François Truffaut’s Shoot the Piano Player (1960) is one of those celebrated films that I had somehow just never seen until this weekend. Oh, I’d seen clips and knew a little about it—and I’d suspected that the phony gangster-movie opening of Ken Russell’s 1966 TV film on composer Georges Delerue, Don’t Shoot the Composer, was based on the Truffaut film (which it was), but I’d just never seen it. The experience was a sheer delight of the “Why hadn’t I seen this before?” variety. I loved everything about the film, but I can’t help but think that the blurb on the DVD case errs in calling it Truffaut’s “most playful film” without elaborating on that. It’s true, but more in terms of cinematically playful than in a literal sense. The film is a kind of a film-noir homage, but it’s rarely very serious about it and refuses to stay in a given genre. It’s a preposterous noir with a kind of art-film back story in the middle of it. It’s a comedy and a romance—and it always pretends to take itself seriously in each capacity.

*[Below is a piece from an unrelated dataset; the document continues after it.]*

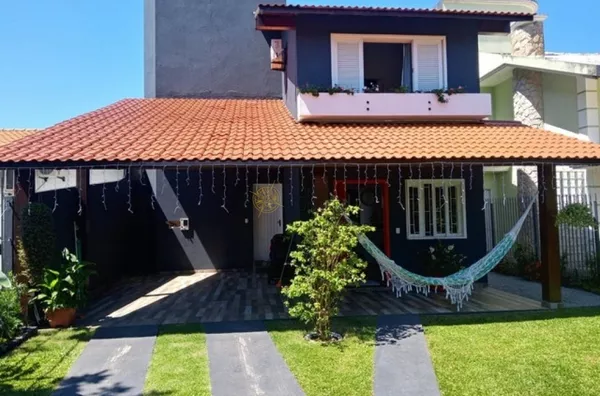 Casa para venda duplex com 3 quartos em Ponta das Canas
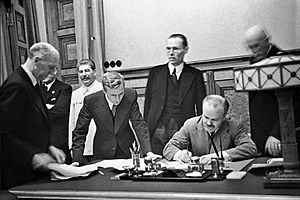 Archivo:Молотов подписывает договор о дружбе и границе с СССР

The story is built around Charlie Kohler (Charles Aznavour), the piano player in a bar that otherwise has nothing much going for it. He’s largely shut off from everyone and in his own little world—at least until his shiftless brother arrives bringing trouble in the form of a pair of not very menacing gangsters whom he has cheated in a robbery (though the gangsters’ ineptitude ultimately makes them dangerous). Charlie can’t help but become involved, because the gangsters insist on involving him—and by extension, the waitress, Lena (Marie Dubois), who is attracted to him.
Its ironic shifts of mood, from farce to near tragedy, conceal a deeper tone of despair. Charles Aznavour stars as a timid man, driven from society, who hurts when he tries to be kind and kills when he tries to love. Made with enthusiasm and audacity, it still seems fresh. What follows is a deliciously wild ride—and one of those rare movies that you’re sorry to see end.